Con las victorias socialistas en Europa, y como era inevitable, han surgido dudas sobre la disponibilidad de los nuevos gobiernos a defender, con la fuerza necesaria, el camino a la moneda única. Sin embargo, reunidos en Malmoe, Suecia, los socialistas europeos han terminado por avalar la inamovibilidad del plazo del 1o de enero de 1999 para la puesta en marcha de la Unión Económica y Monetaria. Vistos los sacrificios sociales que la moneda única está imponiendo a los europeos habría materia para discutir sobre lo correcto o menos de la decisión. Sin embargo, es obvio que Europa no puede perder la cita con la moneda única.
Ya es tarde para modificar la agenda; los contragolpes en términos de confianza, los riesgos de volver a tocar las fanfarrias de una derecha extrema siempre proclive al nacionalismo, serían ahora demasiado elevados. Así no habría sido, hay que decir, si la decisión de aplazar las fechas de Maastricht se hubiera tomado a tiempo; un par de años atrás, por ejemplo. Pero ahora, cuando Europa se encuentra casi del otro lado del río no se puede volver hacia el centro de la corriente. Mejor hubiera sido que la moneda única se hubiera consolidado en un ambiente de mayor consenso social. En la historia, evidentemente, nadie es dueño de todo el tablero.
Una cosa necesita aclararse. Europa no es solamente una idea de profundas raíces históricas y culturales, ha sido, en la segunda mitad de este siglo, el paradigma rector de la ausencia de guerras nacionales desastrosas y de un crecimiento económico que ha beneficiado a todos, o casi, los ciudadanos europeos. Defender la construcción de una Europa unida en la diversidad es defender una idea de futuro posible, pero también el bienestar de hoy, no obstante sus graves desigualdades.
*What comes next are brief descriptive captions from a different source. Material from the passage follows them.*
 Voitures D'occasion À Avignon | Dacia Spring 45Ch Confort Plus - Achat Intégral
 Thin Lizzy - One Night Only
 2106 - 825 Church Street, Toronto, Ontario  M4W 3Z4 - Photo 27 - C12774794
La construcción de Europa es una de las formas mundiales de construcción de nuevos espacios de cooperación y entendimiento entre países cercanos. Proceso de regionalización de la economía mundial, dicen algunos. Y los éxitos están ahí, aún en medio de dificultades que permanecen grandes. En una década, los cuatro países miembros del Mercosur han incrementado sus intercambios recíprocos en una cantidad que no tiene antecedentes históricos. E, inevitablemente, la mayor complementariedad económica exige ahora coordinación de decisiones de las cuales las sociedades no pueden ser excluidas.
Algo similar encontramos en el otro extremo de la geografía: un Tratado de Libre Comercio de América del Norte que, no obstante la combinación de desgracias y tropezones económicos, ha llevado a México, en pocos años, a convertirse en forma estable en el principal exportador latinoamericano. Algo va en la dirección correcta. Por suerte, porque varias otras cosas no van en el mismo sentido.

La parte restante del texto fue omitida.